CompleXity: Technology for Complex Urban Systems

January 5, 2016 at HICSS49 in Kauai, HI

Cities, scaling, & sustainability

Living in cities is becoming increasingly attractive for many people around the world. According to the United Nations, more than 3.6 billion or 51.6% of the world’s population were living in urban agglomerations in 2010. Especially from an ecological point of view, cities are a central issue for the future. Cities consume enormous amounts of energy, raw materials, and space, additionally producing tons of waste and hazardous materials, while many places suffer from congestion, traffic jams, crime, etc.

In 2013 Richard Simpson wrote: “The political and economic foundations of cities will determine [...] whether four billion new urban houses in the next 40 years can be built, whether global warming can be limited to 2 °C compared to 1990 levels, and whether the state and quality of our ecosystems and resources can be sustainably maintained.”
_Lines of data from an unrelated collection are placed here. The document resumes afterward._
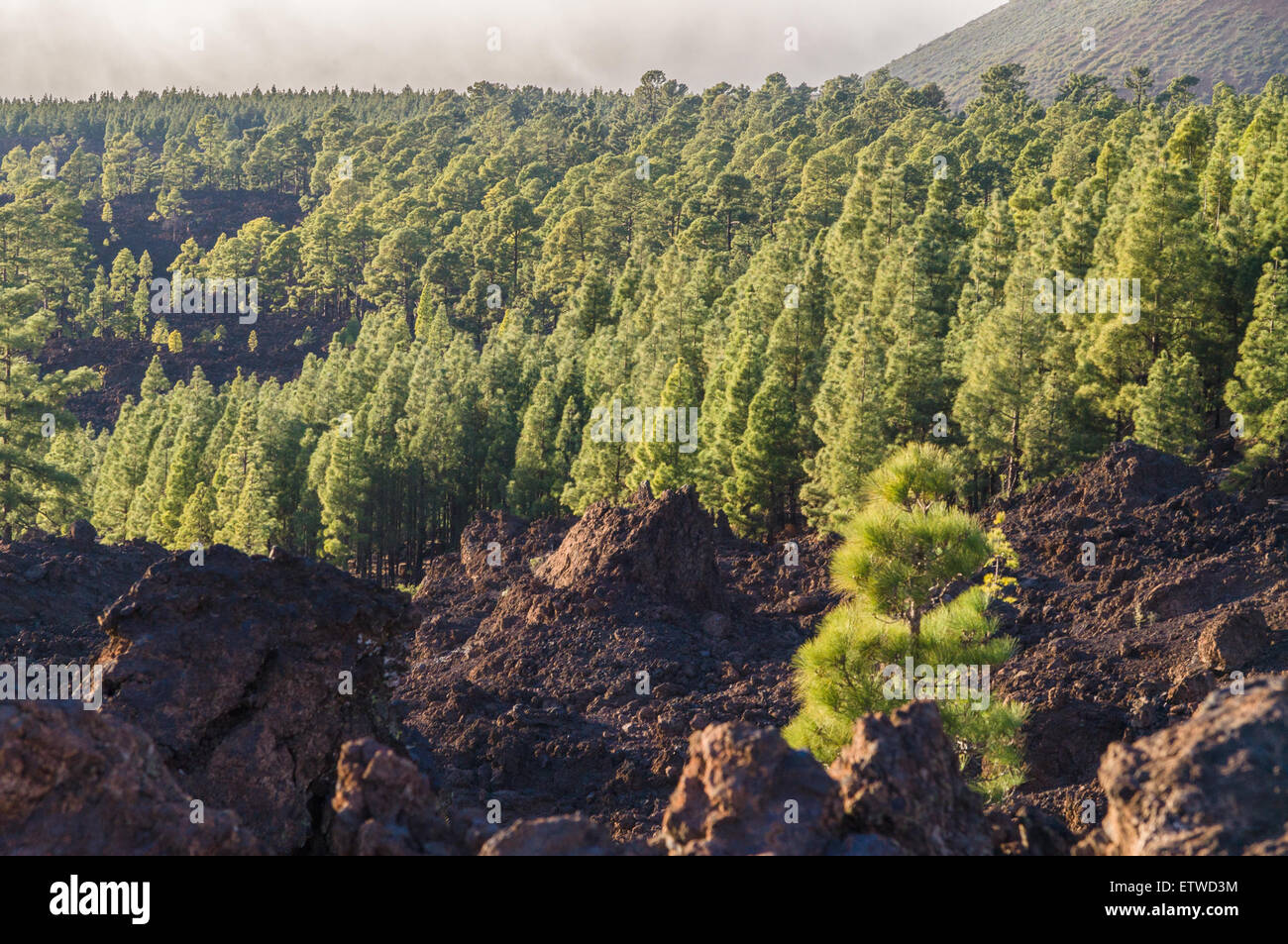 La foresta di conifere su terreni vulcanici, Parco Nazionale di Teide Tenerife Island Foto Stock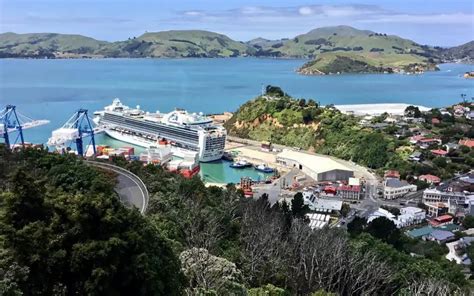 Dunedin · New Zealand · Port Schedule | CruiseDig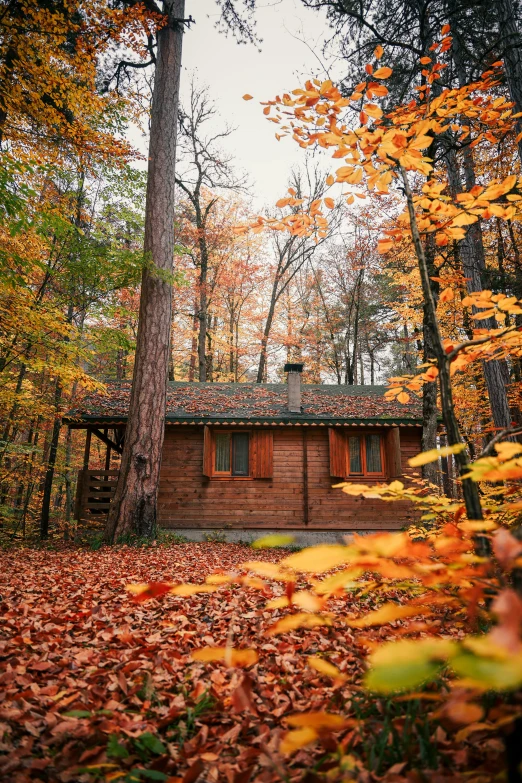 an old log cabin in the fall leaves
The more urban our planet grows, the more we come to realize that our cities play an essential role in shaping this sustainable future. Here is where we live, consume, produce, work, and enjoy our lives; they are the centers of creativity, wealth and power and therefore a part of the solution. The city of the future thus will have to be fundamentally different from the energy consuming, greenhouse gas emitting, car stuffed and often socially unbalanced urban systems that we have come to create throughout the last 100 years.

Today ́s cities are using systems and infrastructure which are partly based on outdated technologies, making them unsustainable, inflexible, inefficient and difficult to change. In addition, the increasing pace of urbanization and transformation of the cities challenges traditional approaches for urban system forecasting, policy and decision-making even further. In order to solve these challenges, we have to understand cities as hyper-complex interdependent systems that, with their interconnected layers and subsystems, cannot be efficiently understood separately from one another, but form a complex interdependent system of infrastructural, economic, and social components that cannot be seen in isolation and therefore require a holistic system model.

Data, Analytics and Technology are therefore the keys to understand the city; to create sustainable solutions and innovations and to improve the quality of a city. However, the high complexity of modern urban systems creates a challenge for the data and analytic methods used to study them, calling for new, more unified, robust and efficient approaches.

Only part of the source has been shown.